• 中国计算机学会会刊
  • 中国科技核心期刊
  • 中文核心期刊

Computer Engineering & Science ›› 2023, Vol. 45 ›› Issue (11): 2036-2046.

• Artificial Intelligence and Data Mining • Previous Articles     Next Articles

A particle swarm optimization algorithm based on variable-scale black hole and population migration

XU Wen-jun,WANG Xi-huai   

  1. (College of Logistics Engineering,Shanghai Maritime University,Shanghai 201306,China)
  • Received:2021-12-17 Revised:2022-05-16 Accepted:2023-11-25 Online:2023-11-25 Published:2023-11-16

Abstract: Aiming at the problems of slow convergence and premature convergence of particle swarm optimization (PSO), a PSO algorithm based on variable-scale black hole and population migration, named IRBHPSO, is proposed. The variable-scale black hole is introduced to balance the weight of the global exploration and local optimization of the algorithm. The displacement coefficient based on the hybrid strategy is introduced into the position update strategy to enhance the convergence speed of the algorithm in the early iteration and the local optimization ability in the later iteration.

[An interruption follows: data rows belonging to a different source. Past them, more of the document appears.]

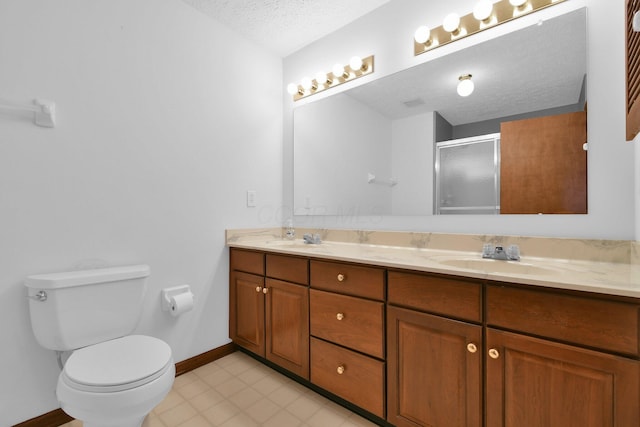 full bath featuring double vanity, toilet, a textured ceiling, a sink, and a stall shower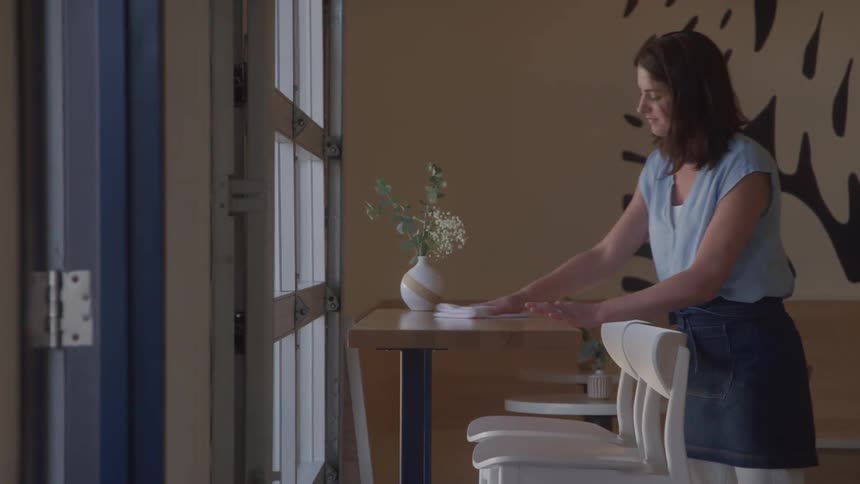 A woman with dark hair wearing a light blue top and a dark apron is seen wiping down a wooden table in what appears to be a cafe or restaurant a vase with flowers is on the table and theres a large window or door on the left side of the frame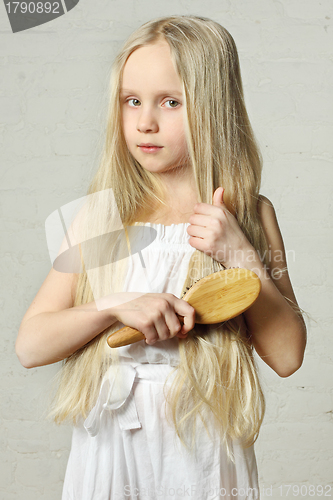 Image of Girl combing hair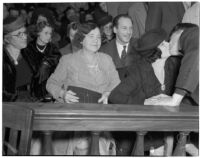 Cowboy film extra Jerome "Blackjack" Ward kisses his wife Mickey Ward during his trial for the murder of fellow extra Johnny Tyke, Los Angeles, July 1940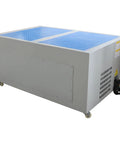 Straight Up Heavy Duty Metal Working Downdraft Table With Dual Drum Dust Collector And Welding Fume Extractor For Industrial Shop Grinding And Multi Stage Filtration 3KW 220V, showing the side view with casters.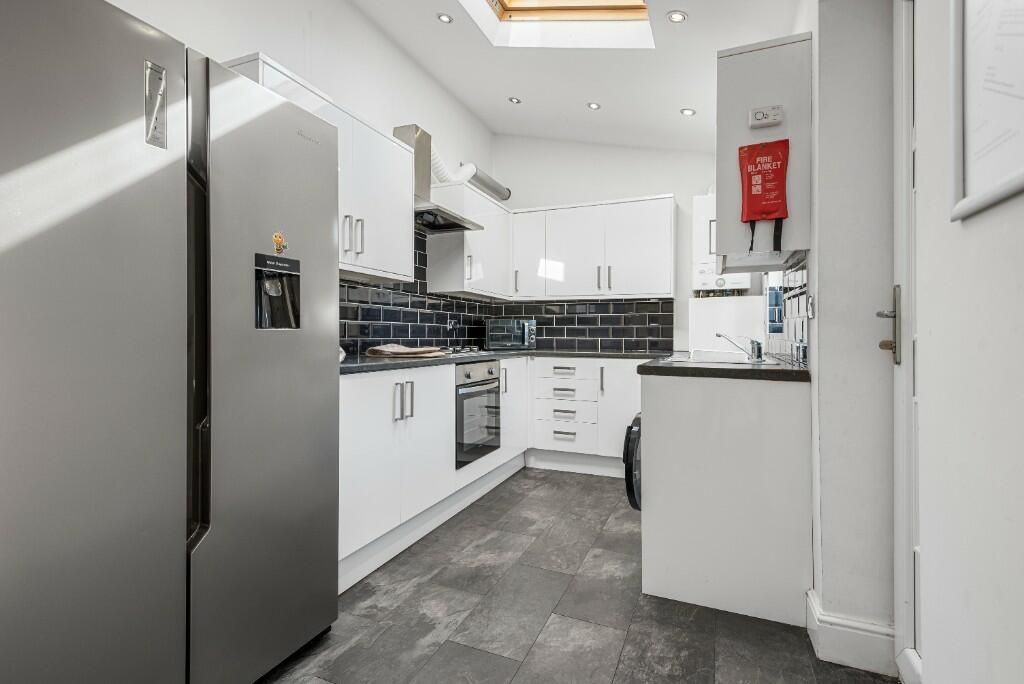 Property photo 3 of 14 Bright And Modern Kitchen With Sleek White Cabinet...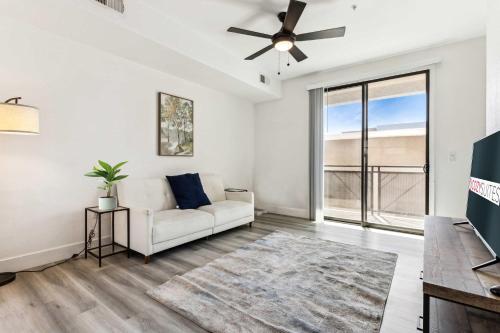ein Wohnzimmer mit einer Couch und einem Deckenventilator in der Unterkunft Glendale CozySuites - Westgate with pool 10 in Glendale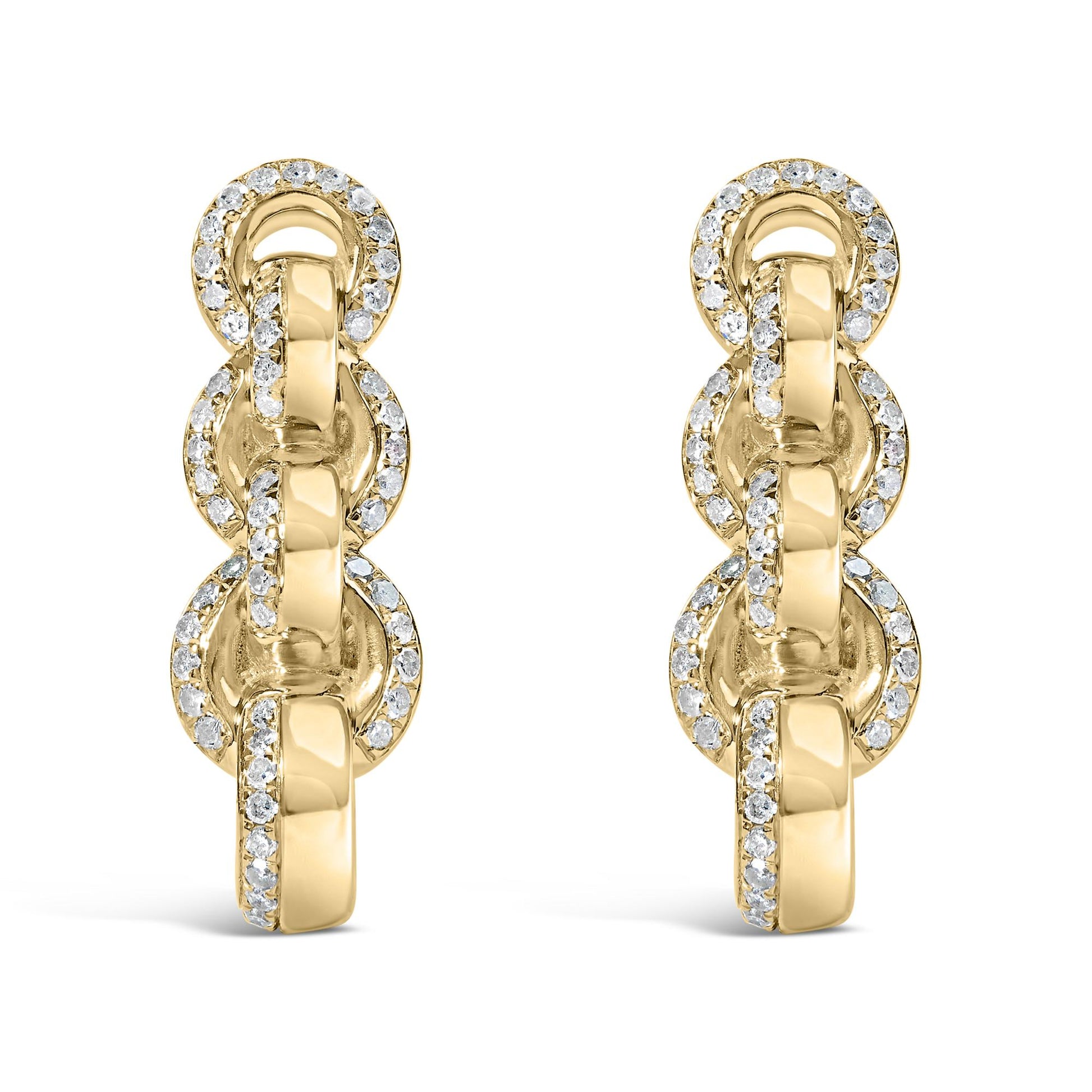 Front view of a pair of yellow metal chain link earrings adorned with round white gemstones in prong settings.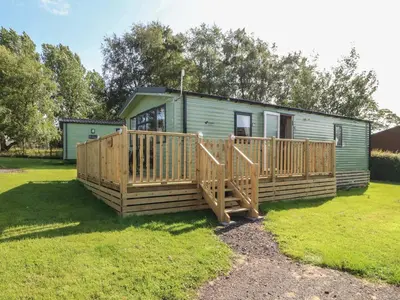 a small green caravan with a wooden deck at Barney's Retreat - Docker Park Farm in Carnforth
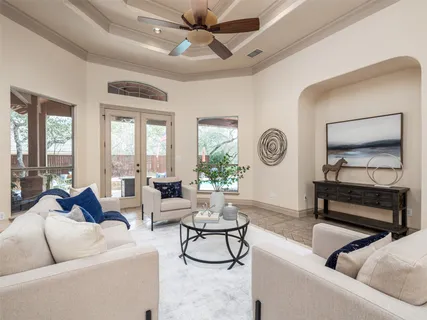 a living room with furniture a clock potted plant and a large window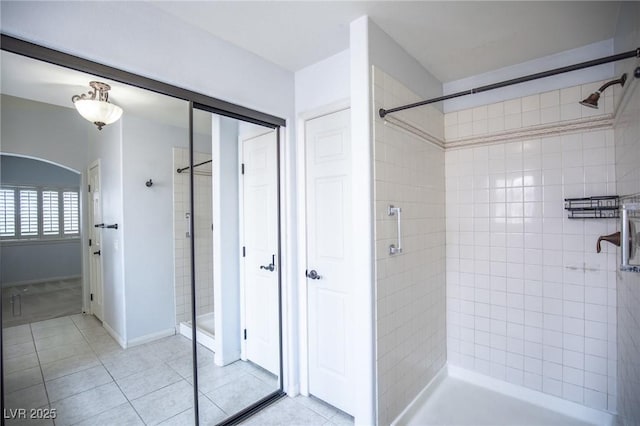 bathroom featuring tile patterned floors and a shower stall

The Butterfly Optimization Algorithm (BOA) based on population migration is integrated into PSO as a local operator to improve the problem that PSO has slow convergence speed and is easy to fall into local optimum. IRBHPSO, PSO, and other related algorithms are simulated on 12 benchmark test functions, and Wilcoxon rank sum test is performed. The results show that IRBHPSO has better convergence accuracy, convergence speed and stability.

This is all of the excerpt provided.